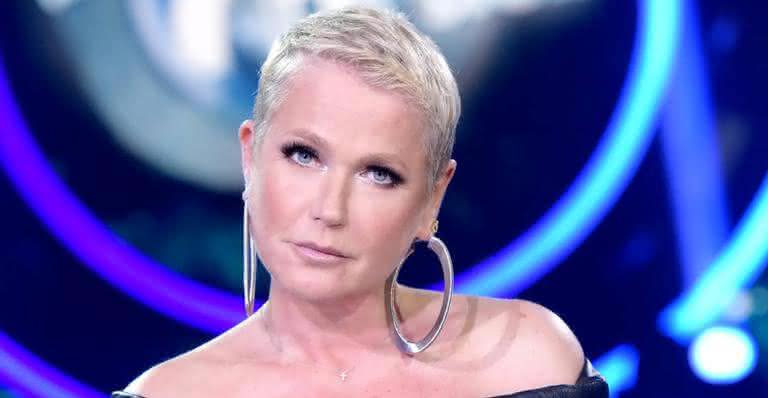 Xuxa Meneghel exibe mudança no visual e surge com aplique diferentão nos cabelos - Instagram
---
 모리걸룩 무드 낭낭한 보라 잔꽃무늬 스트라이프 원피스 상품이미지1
---
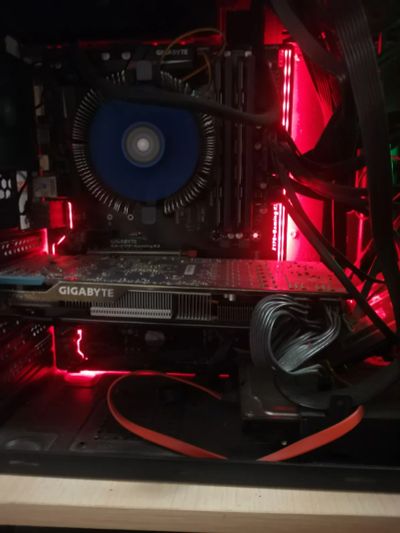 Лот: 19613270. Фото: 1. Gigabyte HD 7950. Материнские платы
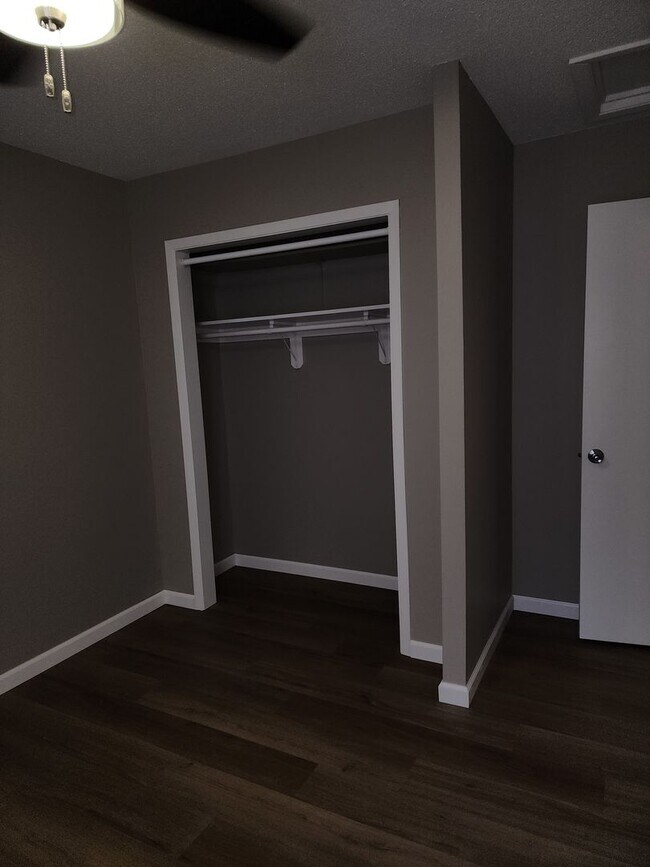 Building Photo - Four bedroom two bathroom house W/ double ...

Problem requirements - Only one part of the material above is wanted: the lines from the one with "Лот: 19613270. Фото: 1." up to and including the one with "Building Photo - Four". Please copy them exactly, pictures left out.

Response -
 Лот: 19613270. Фото: 1. Gigabyte HD 7950. Материнские платы
 Building Photo - Four bedroom two bathroom house W/ double ...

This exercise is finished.